When I heard that this month’s essay was on balance, I was very excited. I have spent the last six years trying to achieve balance in most areas of my life. I thought, “Wow, this will be easy because I have been working on this for a while. I’ll have plenty to say!”
So, imagine my surprise when each time I went to write this essay, I would find that I didn’t want to do it. Working on achieving balance and talking about it certainly are two different things. I don’t really want to talk about it, because it’s difficult. Balance permeates my life and the decisions that I make. Trying to find the middle ground, to get the pendulum to stop swinging in extremes, seems to be my unspoken life goal. My inner goddess would like you to know that what I forget is that I am here in this life to learn and to become a better person. If I were suddenly to achieve balance in all areas of my life, my life would be over and -- poof! -- my soul would be off to choose a new life.

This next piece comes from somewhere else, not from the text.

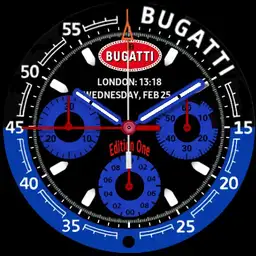 Bugatti Chrono Stopwatch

Sigh. Since I am a happy person who likes her life and is committed to seeing some more of the outcome, I guess wishing for Nirvana-like balance is not really what I want.
But I do long for the peace that I think more balance would bring. Living a life of compulsivity was not peaceful, and trying to unlearn those compulsive behaviors that I learned around eating, money, and relationships is a painful journey at times. Delving into myself to ask the questions gets tiresome. Am I eliminating animal products from my diet because I want to help animals or is it just a new manifestation of my eating disorder? Do I eat healthy because I really love and care for the world, and myself, or am I just eliminating foods the same way I used to when I was sick? How can I be sure without really looking at myself, and yet that very examination could cause the pendulum to swing again, shattering what I thought was balance attained.
Is balance really that elusive and delicate? My own personal theory is that God (Buddha, Allah, Higher Power, Universe, whatever fits for you) uses life to help us grow. We get to look at these situations, struggle with what we see, and make choices about what direction we will take. Balance is like a rest stop on the highway. It’s the place where I get to take time out from the journey, stretch, get rid of the waste, and become refreshed. But, would I ever say, “Wow, I really like it here. I think I’ll stay!”? Of course not. At my core, I know I’m here for the journey, and so I do ask myself those questions that threaten to upset my life, change the order to chaos. I know that the rest stop is not my final destination.
Balance is wonderful in the moment. But if I were to sit there for a long period of time, paradoxically, I would become unbalanced. For in sitting with all that balance, I would not grow or change or be challenged. Eventually, like a pond without fresh water, I would stagnate and be in disequilibrium. My goddess was wrong (every once in a while it happens) -- eternal balance would not deliver me to my next life, only to my next stage of imbalance.
Balance and imbalance then, must be part of the instinctive cycle of my life. The two, moving together, symbiotically, are a gift to me from the universe. They cannot be avoided, controlled, or manipulated. For my part, I can choose to surrender to what they have to teach me or I can choose to struggle against the natural order. But there wouldn’t be much balance in that now would there?